Seattle – In two separate criminal cases, Western Washington artists are charged with violating the Indian Arts and Crafts Act (IACA) by representing themselves as Native American artists, when they have no tribal membership or heritage, announced U.S. Attorney Nick Brown. The men, 52-year-old Lewis Anthony Rath, of Maple Falls, Washington, and 67-year-old Jerry Chris Van Dyke aka Jerry Witten, of Seattle, made their initial appearance on the complaints in U.S. District Court in Seattle at 2:00 PM December 10th.
“Our special agents investigate crimes that violate the Indian Arts and Crafts Act on behalf of the U.S. Department of the Interior and the Indian Arts and Crafts Board,” said Edward Grace, Assistant Director of the U.S. Fish and Wildlife Service Office of Law Enforcement. “By flooding the market with counterfeit Native American art and craftwork, these crimes cheat the consumer, undermine the economic livelihood of Native American artists, and impairs Indian culture. We thank the Indian Arts and Crafts Board and the U.S. Department of Justice for their assistance with these investigations.”
The investigation of Jerry Van Dyke began in February 2019, when the Indian Arts and Crafts Board received a complaint that Van Dyke was representing himself as a Nez Perce Indian Artist, when in fact, he is not an enrolled tribal member. Investigators from the U.S. Fish and Wildlife Service made undercover purchases at a gallery in the Pike Place Market area of Seattle that advertised pendants Van Dyke had made as Native American Art. Van Dyke used the name Witten for these sales. When interviewed by agents, Van Dyke admitted knowing about the Indian Arts and Crafts Act, and admitted he was not a tribal member. Through the gallery Van Dyke had sold more than $1,000 worth of carved pendants represented as Native American artwork based on Aleut masks.
Van Dyke is charged with two counts of Misrepresentation of Indian Produced Goods and Products.

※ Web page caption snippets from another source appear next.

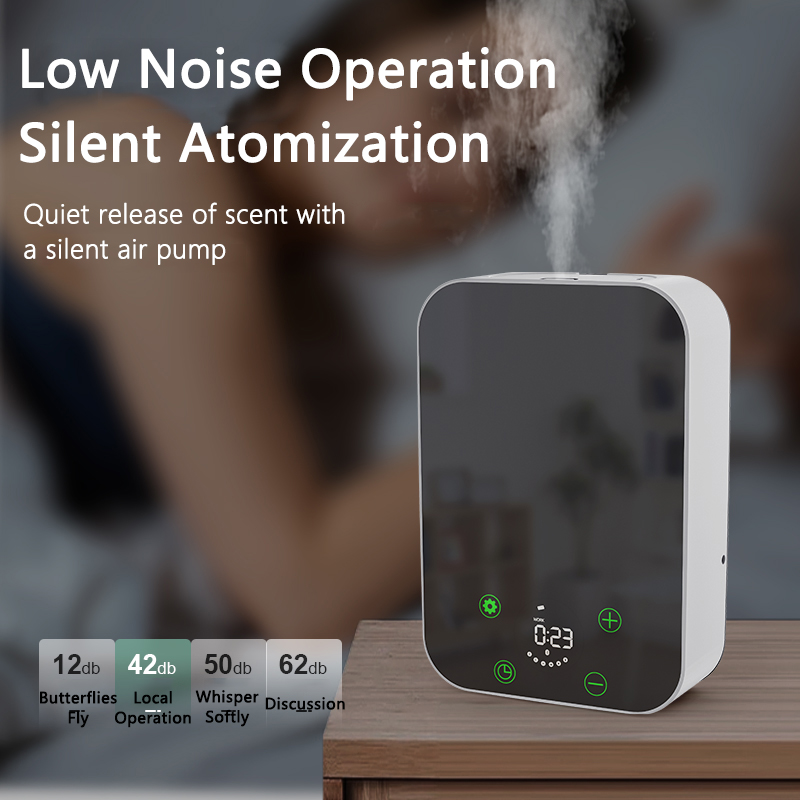 電気式アロマネブライザーディフューザー、壁掛け式、家庭用、ホ - Perfume Home Fragrance のレビューと価格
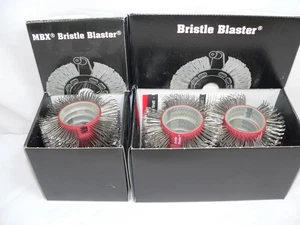 a/ MBX / Monti Bristle Blaster wheels 11mm + 23mm s/steel NEW Lot of 10 +10= 20 - Bild 1 von 1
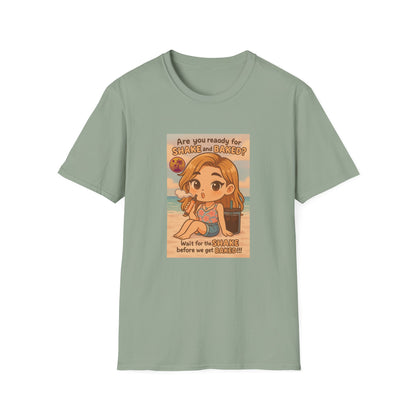 Island Vibes Graphic Tee, Unisex Summer T-Shirt, Beach Lover Gift, Vacation Shirt, Cute Casual Wear, Fun Beach Apparel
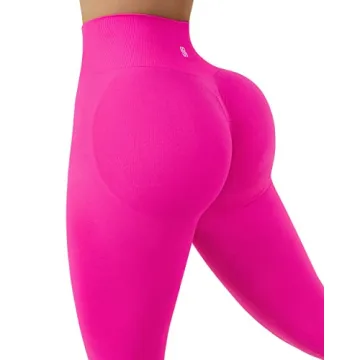 SUUKSESS Scrunch Butt Lifting Leggings High Waisted Yoga Pants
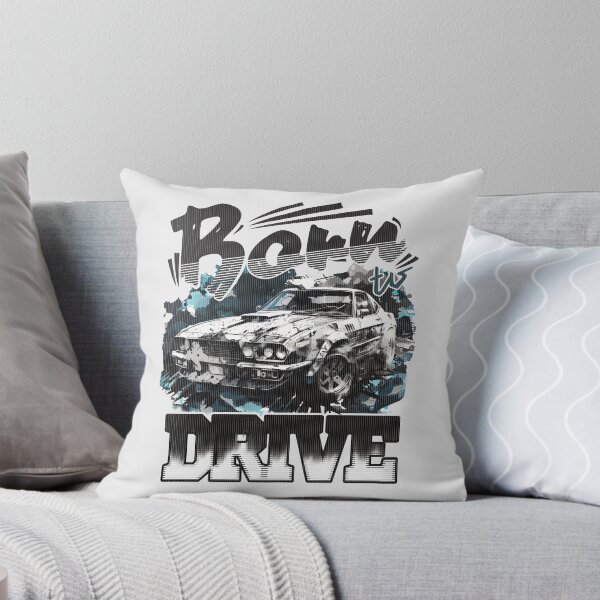 Item preview, Born to drive - funny saying designed and sold by VichallanStudio.
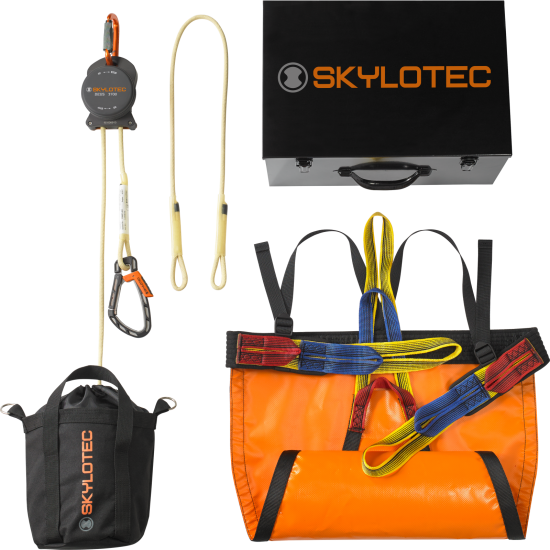 SKYLOTEC presents set for self-rescue from tall buildings - Skylotec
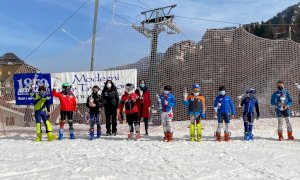 Sci alpino, ad Artesina il Criterium Regionale Cuccioli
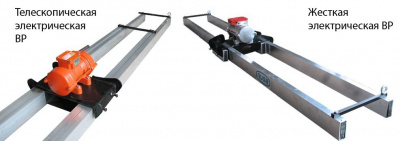 Виброрейка раздвижная ВР 4-7,5 /220В 045-0611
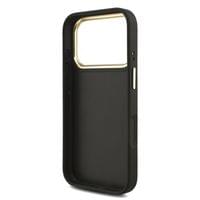 Кейс Guess PU Leather 4G Metal Logo Gold Frame Case за... - 5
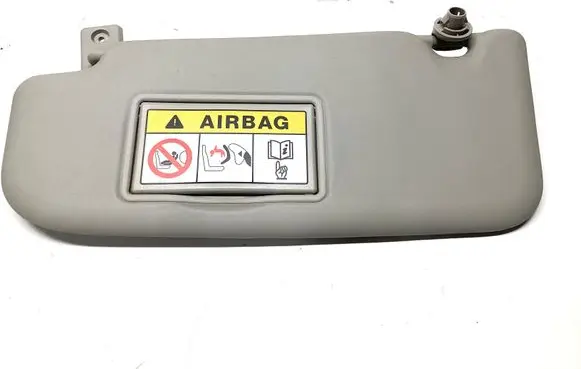 Nissan Qashqai Sun visor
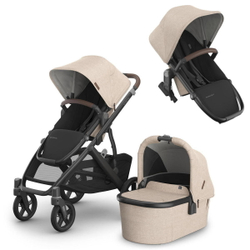 Коляска для погодок UPPAbaby Vista V3 2 в 1 (2 прогулочных блока и люлька) Liam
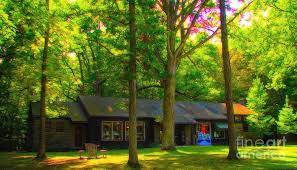 #1 of 10 restaurants in perry. Letchworth State Park Lower Falls Restaurant And Lodge Abstract Photograph By Rose Santuci Sofranko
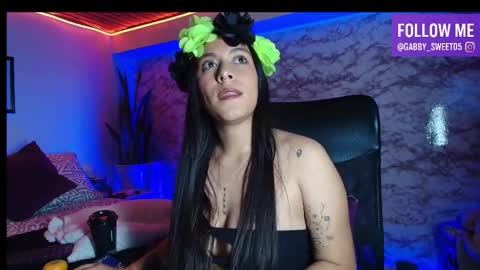 Snapshot of gabby_sweet5 chatting on 4, 11, 2025 Gabby Sweet online show from 4, 11, 2025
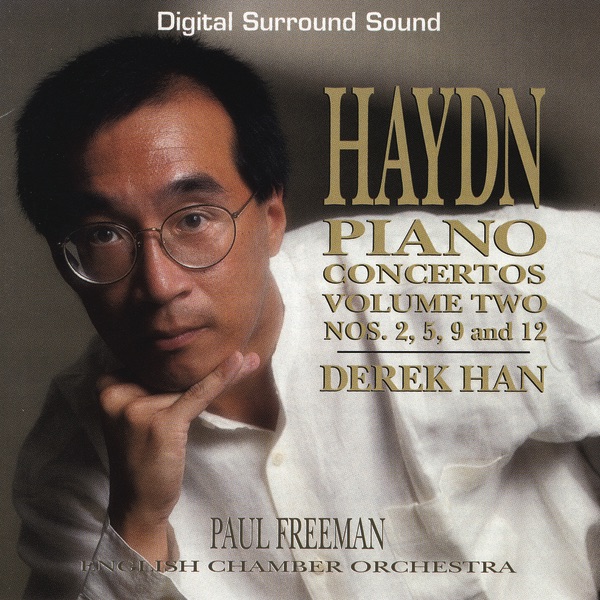 Haydn Piano Concertos: Vol. 2 by Derek Han album cover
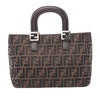Fendi Small Zucca Canvas Twins Tote Secondhand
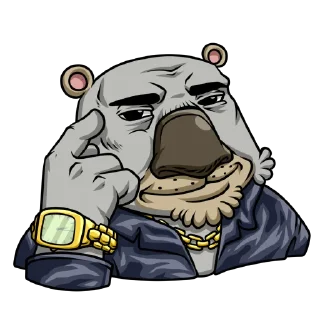 Sticker Вомбат | vombat.su - 2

The investigation of Anthony Rath began in May 2019, after a complaint to the Indian Arts and Crafts Board. The investigation revealed that Rath falsely represented himself to be a member of the San Carlos Apache Tribe. Undercover agents purchased a carved totem pole and necklace from the same Pike Place Market gallery for more than $1,334. Agents noticed the gallery had other carvings by Rath that were represented as Native produced. At another shop on the Seattle waterfront agents purchased another carved totem pole and a mask, again represented to be Indian produced. The biography of the artist at both shops falsely claimed that Rath was Native American. Internet sites Rath used to sell his artwork also falsely claim he is an enrolled member of the San Carlos Apache Tribe.
When agents executed a search warrant on Rath’s Whatcom County home and studio, they found he also possessed feathers from protected birds: golden eagles and other migratory birds such as hawks, jays, owls and more.
Rath is charged with four counts of Misrepresentation of Indian Produced Goods and Products, one misdemeanor count of Unlawful Possession of Golden Eagles Parts and one misdemeanor count of Unlawful Possession of Migratory Bird Parts.
Misrepresentation of Indian Produced Goods and Products is punishable by up to 5 years in prison. The misdemeanor counts related to bird parts are punishable by up to 1 year in prison.
The charges contained in the complaints are only allegations. A person is presumed innocent unless and until he or she is proven guilty beyond a reasonable doubt in a court of law.
The cases are being investigated by the National Fish and Wildlife Service. The cases are being prosecuted by Assistant United States Attorney J. Tate London.